── Exercise materials

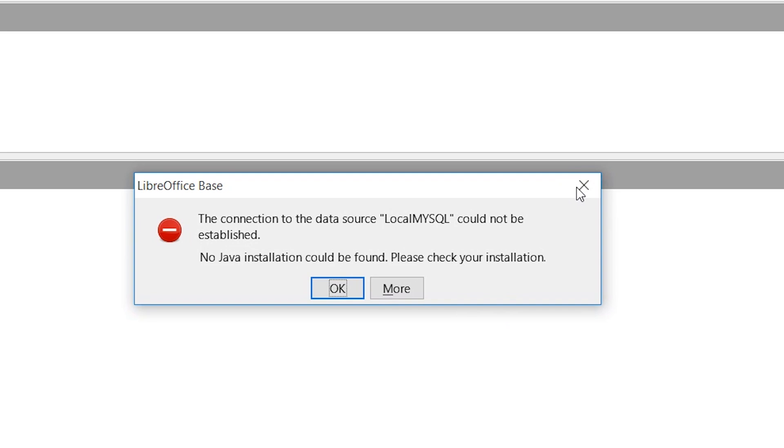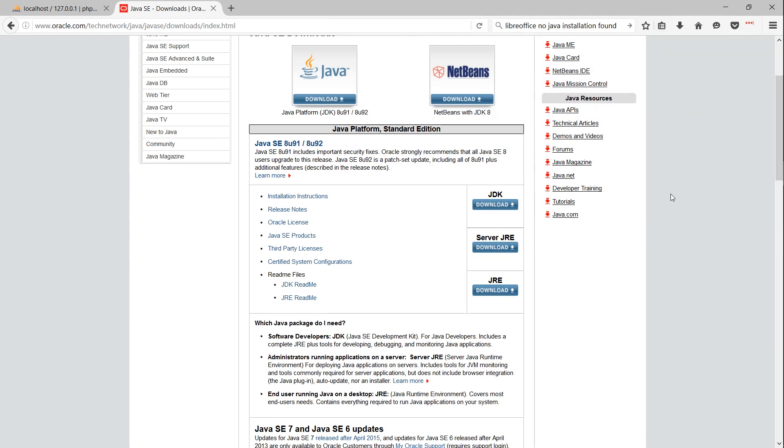If for any reason you think you don't have an updated version of Java, you can go to oracle.com and find the JRE or JDK installation packs for Java corresponding to your operating system, and download and install it.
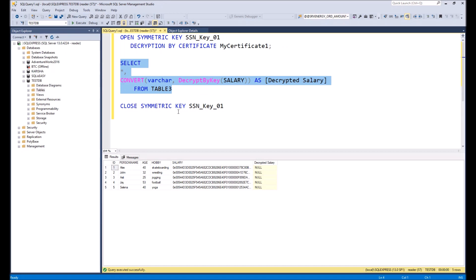Now you have seen how to create a table with encrypted columns and how to create users who can read from this table. I hope this video was useful — take care, bye bye!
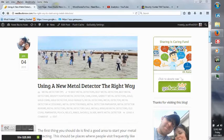Hey everybody, Matt Brown here. Just want to take a minute to read an article to you that I wrote back on January 4th of this year. It's called Using a New Metal Detector the Right Way.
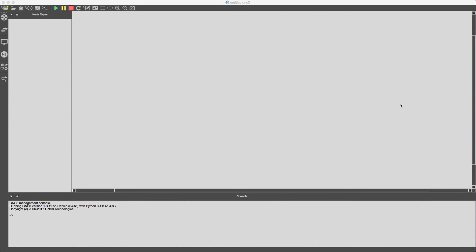Hey, welcome to the video. Here we're going to set up a very simple hub and spoke frame relay multi-point topology. Let's get started.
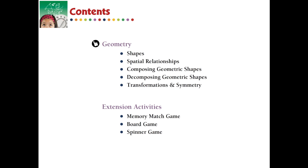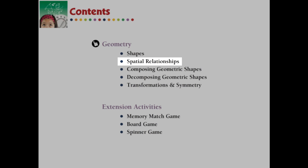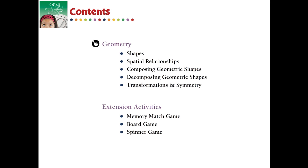For understanding spatial relationships for grades pre-kindergarten to two, this chapter mini provides the required Common Core State Standards and is aligned to NCTM and STEM initiatives.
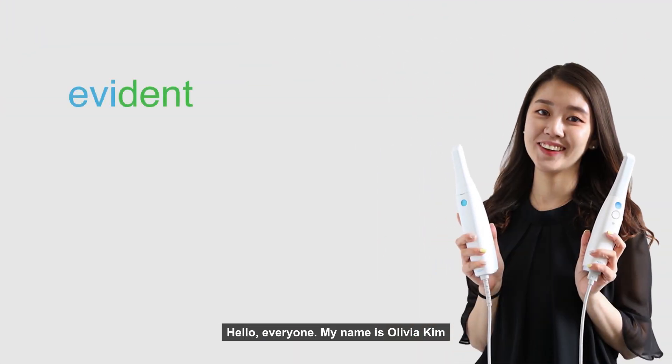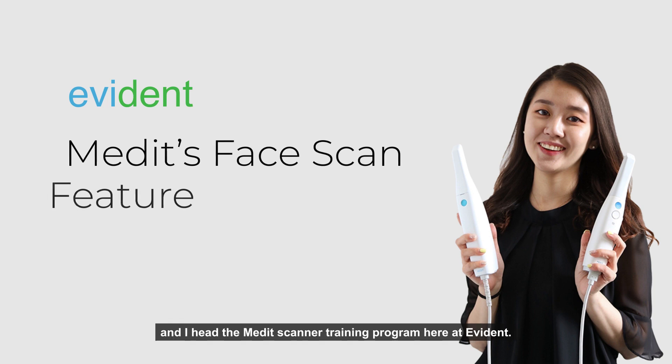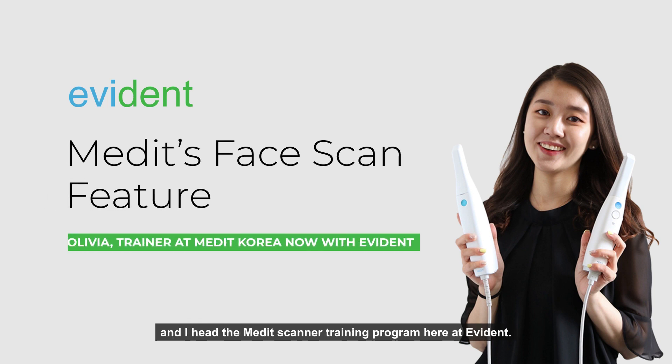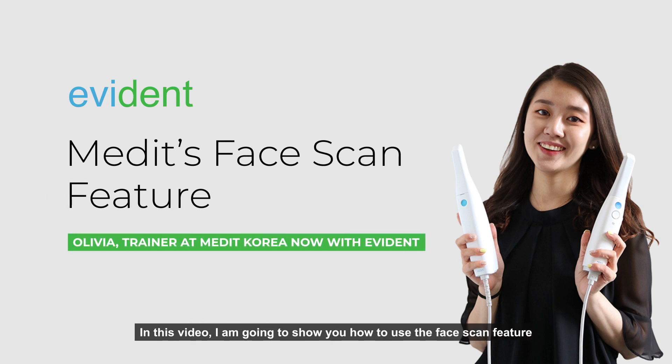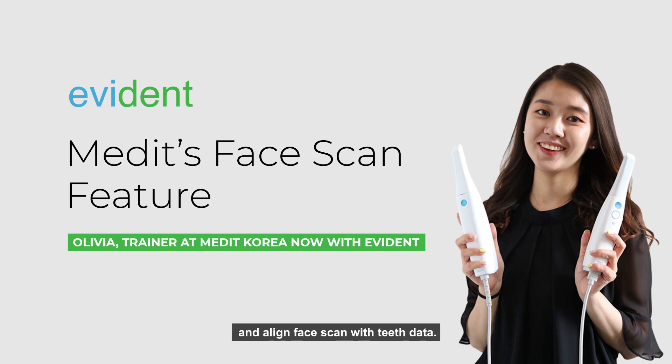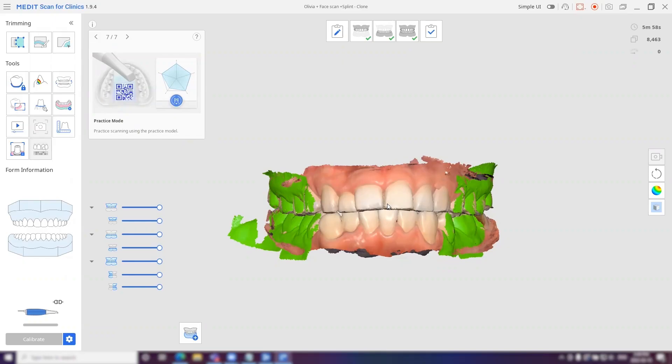Hello everyone, my name is Olivia Kim and I head the MediScanner training program here at Evident. In this video, I'm going to show you how to use the face scan features and align face scan data with the TIS data.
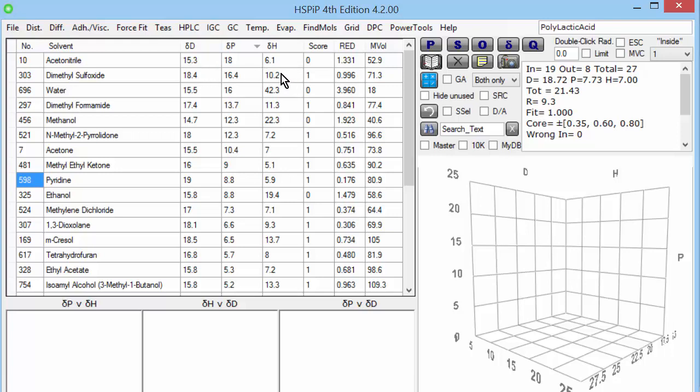So you need the three parameters. DD is what keeps things together in general. DP and DH are the special effects of polarity and hydrogen bonding.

────

What you are asked to do: Repeat the listing word for word. Leave images out.

Task output:
If for any reason you think you don't have an updated version of Java, you can go to oracle.com and find the JRE or JDK installation packs for Java corresponding to your operating system, and download and install it.
Now you have seen how to create a table with encrypted columns and how to create users who can read from this table. I hope this video was useful — take care, bye bye!
Hey everybody, Matt Brown here. Just want to take a minute to read an article to you that I wrote back on January 4th of this year. It's called Using a New Metal Detector the Right Way.
Hey, welcome to the video. Here we're going to set up a very simple hub and spoke frame relay multi-point topology. Let's get started.
For understanding spatial relationships for grades pre-kindergarten to two, this chapter mini provides the required Common Core State Standards and is aligned to NCTM and STEM initiatives.
Hello everyone, my name is Olivia Kim and I head the MediScanner training program here at Evident. In this video, I'm going to show you how to use the face scan features and align face scan data with the TIS data.
So you need the three parameters. DD is what keeps things together in general. DP and DH are the special effects of polarity and hydrogen bonding.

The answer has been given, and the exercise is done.